**Exercise instructions**
Make a word-for-word copy of the entries below from their first line through the line with "John Deere 8430 - 2", and add nothing.

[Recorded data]

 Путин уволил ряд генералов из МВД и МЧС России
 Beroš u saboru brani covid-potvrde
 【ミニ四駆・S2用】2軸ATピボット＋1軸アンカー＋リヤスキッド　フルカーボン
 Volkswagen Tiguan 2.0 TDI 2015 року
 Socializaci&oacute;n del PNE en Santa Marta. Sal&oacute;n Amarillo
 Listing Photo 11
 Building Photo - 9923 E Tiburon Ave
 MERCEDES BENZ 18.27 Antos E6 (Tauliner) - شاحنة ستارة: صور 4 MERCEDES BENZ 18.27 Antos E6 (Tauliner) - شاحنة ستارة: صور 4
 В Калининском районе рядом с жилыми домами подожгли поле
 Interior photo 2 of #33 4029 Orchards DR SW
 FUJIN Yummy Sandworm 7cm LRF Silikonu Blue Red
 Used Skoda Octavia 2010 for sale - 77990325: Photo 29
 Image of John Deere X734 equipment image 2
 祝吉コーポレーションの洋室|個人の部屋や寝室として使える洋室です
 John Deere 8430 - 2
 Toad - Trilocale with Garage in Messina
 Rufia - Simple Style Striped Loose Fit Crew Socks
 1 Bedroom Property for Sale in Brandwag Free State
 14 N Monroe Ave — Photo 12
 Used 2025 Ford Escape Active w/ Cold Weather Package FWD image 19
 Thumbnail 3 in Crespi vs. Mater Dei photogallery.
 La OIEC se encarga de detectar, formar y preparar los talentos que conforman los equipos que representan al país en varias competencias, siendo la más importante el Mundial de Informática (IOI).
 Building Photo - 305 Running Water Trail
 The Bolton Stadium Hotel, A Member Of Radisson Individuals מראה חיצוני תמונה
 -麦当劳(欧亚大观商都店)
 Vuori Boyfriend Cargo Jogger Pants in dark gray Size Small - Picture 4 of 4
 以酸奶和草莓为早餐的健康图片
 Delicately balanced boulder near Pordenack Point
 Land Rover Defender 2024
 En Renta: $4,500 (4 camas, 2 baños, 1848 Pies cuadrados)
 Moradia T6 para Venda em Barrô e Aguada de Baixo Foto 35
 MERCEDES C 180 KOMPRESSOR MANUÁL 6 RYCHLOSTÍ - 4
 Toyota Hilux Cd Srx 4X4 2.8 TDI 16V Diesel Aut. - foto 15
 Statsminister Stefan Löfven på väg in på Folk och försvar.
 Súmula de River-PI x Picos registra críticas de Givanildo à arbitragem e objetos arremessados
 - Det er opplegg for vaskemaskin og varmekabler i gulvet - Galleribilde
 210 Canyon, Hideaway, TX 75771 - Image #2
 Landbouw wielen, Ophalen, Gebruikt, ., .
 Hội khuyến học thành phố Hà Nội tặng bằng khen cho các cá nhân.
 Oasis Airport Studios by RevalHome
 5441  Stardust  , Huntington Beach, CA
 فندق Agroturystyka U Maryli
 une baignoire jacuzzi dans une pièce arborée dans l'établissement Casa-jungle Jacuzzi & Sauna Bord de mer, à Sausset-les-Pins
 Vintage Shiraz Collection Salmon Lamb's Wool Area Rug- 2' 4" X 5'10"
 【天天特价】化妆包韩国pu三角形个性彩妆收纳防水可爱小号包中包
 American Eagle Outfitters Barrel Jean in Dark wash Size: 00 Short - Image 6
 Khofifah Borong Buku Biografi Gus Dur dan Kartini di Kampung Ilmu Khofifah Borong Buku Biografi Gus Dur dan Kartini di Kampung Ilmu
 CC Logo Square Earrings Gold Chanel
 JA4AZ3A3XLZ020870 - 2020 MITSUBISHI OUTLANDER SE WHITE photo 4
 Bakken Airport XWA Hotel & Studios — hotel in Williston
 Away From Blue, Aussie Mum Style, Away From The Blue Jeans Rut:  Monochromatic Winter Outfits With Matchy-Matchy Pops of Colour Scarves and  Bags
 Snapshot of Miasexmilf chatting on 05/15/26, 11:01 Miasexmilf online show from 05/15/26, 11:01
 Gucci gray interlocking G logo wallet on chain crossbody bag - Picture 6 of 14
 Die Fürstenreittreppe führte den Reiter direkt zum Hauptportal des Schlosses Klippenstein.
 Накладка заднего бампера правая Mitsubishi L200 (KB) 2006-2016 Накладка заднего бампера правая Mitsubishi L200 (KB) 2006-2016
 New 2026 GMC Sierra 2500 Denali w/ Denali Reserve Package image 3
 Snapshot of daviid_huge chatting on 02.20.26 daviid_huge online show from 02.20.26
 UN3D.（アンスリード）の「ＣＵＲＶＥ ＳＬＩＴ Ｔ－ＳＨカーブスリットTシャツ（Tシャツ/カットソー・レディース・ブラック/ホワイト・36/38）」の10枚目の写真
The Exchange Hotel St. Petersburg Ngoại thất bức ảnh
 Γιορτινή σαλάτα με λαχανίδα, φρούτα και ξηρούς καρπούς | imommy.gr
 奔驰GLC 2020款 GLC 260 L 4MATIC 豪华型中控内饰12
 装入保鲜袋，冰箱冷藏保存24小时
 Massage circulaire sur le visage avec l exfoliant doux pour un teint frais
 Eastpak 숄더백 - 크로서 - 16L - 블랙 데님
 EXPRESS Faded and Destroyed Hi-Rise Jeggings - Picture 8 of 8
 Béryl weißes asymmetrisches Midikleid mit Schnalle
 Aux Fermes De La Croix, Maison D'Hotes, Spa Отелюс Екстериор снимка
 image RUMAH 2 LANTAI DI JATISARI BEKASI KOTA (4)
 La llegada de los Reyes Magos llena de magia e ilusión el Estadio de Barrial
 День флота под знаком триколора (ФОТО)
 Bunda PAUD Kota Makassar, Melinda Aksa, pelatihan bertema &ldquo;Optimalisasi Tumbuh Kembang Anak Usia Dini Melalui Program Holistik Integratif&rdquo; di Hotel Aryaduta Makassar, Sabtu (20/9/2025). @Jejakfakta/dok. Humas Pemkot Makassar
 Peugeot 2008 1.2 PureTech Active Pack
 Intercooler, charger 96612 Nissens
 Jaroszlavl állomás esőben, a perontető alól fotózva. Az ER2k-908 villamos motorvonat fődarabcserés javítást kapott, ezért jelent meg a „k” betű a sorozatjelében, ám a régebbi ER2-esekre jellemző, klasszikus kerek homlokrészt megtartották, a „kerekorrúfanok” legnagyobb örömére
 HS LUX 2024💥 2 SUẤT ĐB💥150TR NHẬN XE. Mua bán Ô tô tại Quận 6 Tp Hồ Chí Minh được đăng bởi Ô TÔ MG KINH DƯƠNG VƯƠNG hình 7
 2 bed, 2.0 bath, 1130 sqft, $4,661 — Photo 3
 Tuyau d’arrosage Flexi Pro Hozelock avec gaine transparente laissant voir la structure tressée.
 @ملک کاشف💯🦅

**Solution to the problem**
 Путин уволил ряд генералов из МВД и МЧС России
 Beroš u saboru brani covid-potvrde
 【ミニ四駆・S2用】2軸ATピボット＋1軸アンカー＋リヤスキッド　フルカーボン
 Volkswagen Tiguan 2.0 TDI 2015 року
 Socializaci&oacute;n del PNE en Santa Marta. Sal&oacute;n Amarillo
 Listing Photo 11
 Building Photo - 9923 E Tiburon Ave
 MERCEDES BENZ 18.27 Antos E6 (Tauliner) - شاحنة ستارة: صور 4 MERCEDES BENZ 18.27 Antos E6 (Tauliner) - شاحنة ستارة: صور 4
 В Калининском районе рядом с жилыми домами подожгли поле
 Interior photo 2 of #33 4029 Orchards DR SW
 FUJIN Yummy Sandworm 7cm LRF Silikonu Blue Red
 Used Skoda Octavia 2010 for sale - 77990325: Photo 29
 Image of John Deere X734 equipment image 2
 祝吉コーポレーションの洋室|個人の部屋や寝室として使える洋室です
 John Deere 8430 - 2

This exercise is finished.